Can someone help me with this ideal gass law problem?
One method of estimating the temperature of the center of the sun is based on the assumption that the center of consists of gases that have an average molar mass of 2 g/mol. If the density of the center of the sun is 1.40 g.cm^3 at a pressure of 1.30*10^9 atm, calculate the temperature. Answer in units of celsius.
I would really like an explantion on the process on finding an answer to this question. Thank you.

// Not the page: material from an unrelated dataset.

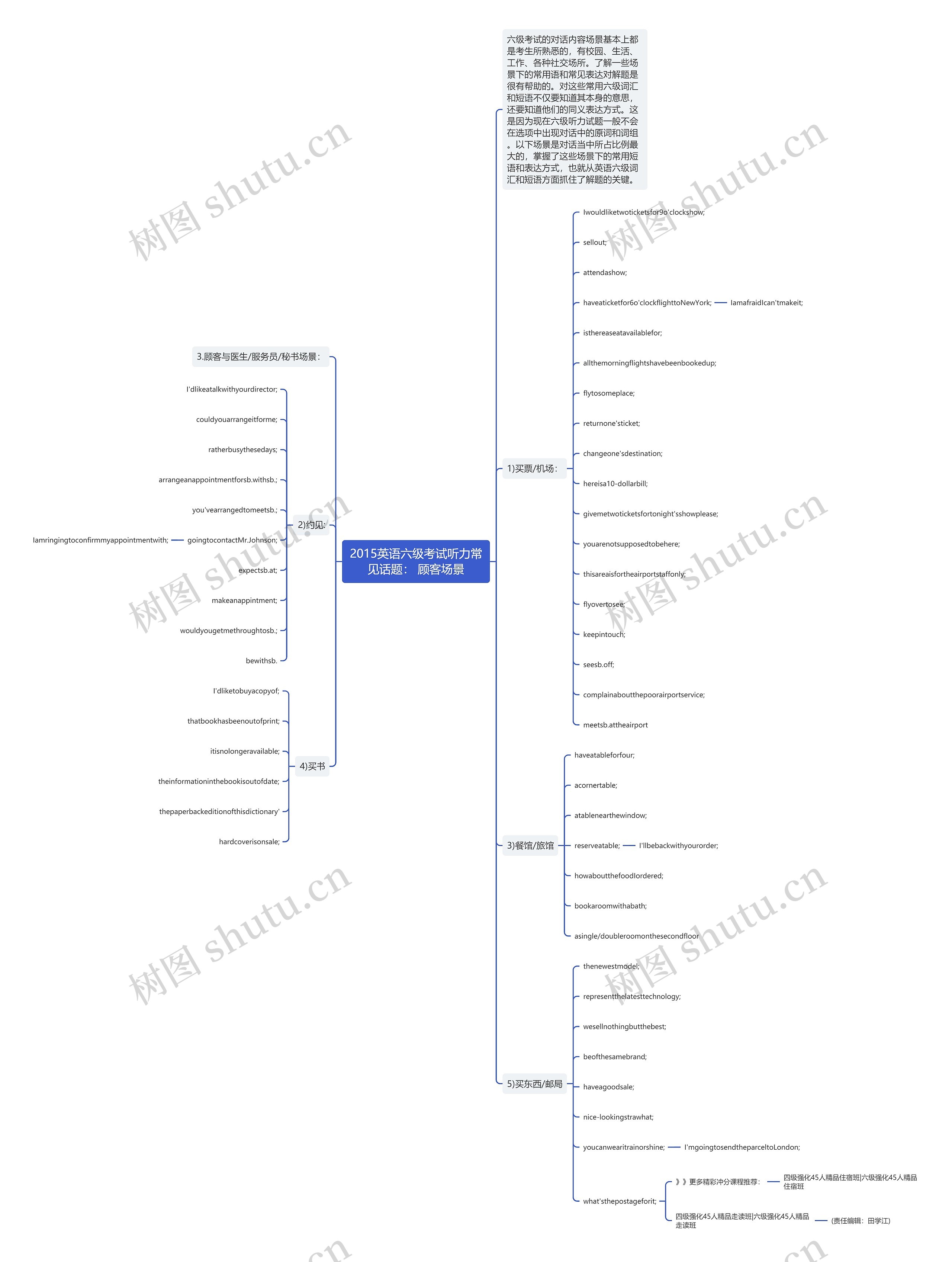 2015英语六级考试听力常见话题： 顾客场景思维导图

Lets assume that the gas on the sun can be considered as a ideal gas. So we can use ideal gas law to this.
PV = nRT
P = pressure in pascal
V = volume in cubic meter
n = amount of moles
R = universal gas constant
T = temperature in kelvin
But we know that;
density(`rho`) = mass(m)/volume(V) ---> `rho` = m/V
moles(n) = mass(m)/molar mass(M) ---> n = m/M
`PV = nRT`
`PV = (m/M)RT`
`P = (m/V)(RT)/M`
`P = rho (RT)/M`
`T = (MP)/(Rrho )`
M = 2 g/mol = `2xx0^-3` kg/mol
P = `1.3xx10^9` atm
R = 0.08206 LatmK/mol
`rho` = 1.4 g/cm^3 = 1.4xx10^-3/10^-3 = 1.4 kg/L
T = `(2xx1.3xx10^9)/(0.08206xx1.4)`
T = `2.263xx10^10` K
T = `2.263xx10^10-273.15` C
T = `2.263xx10^10` C
Since the temperature is very high there is no difference in temperature of Kelvin and Celsius.
So the temperature on the sun is `2.263xx10^10` C.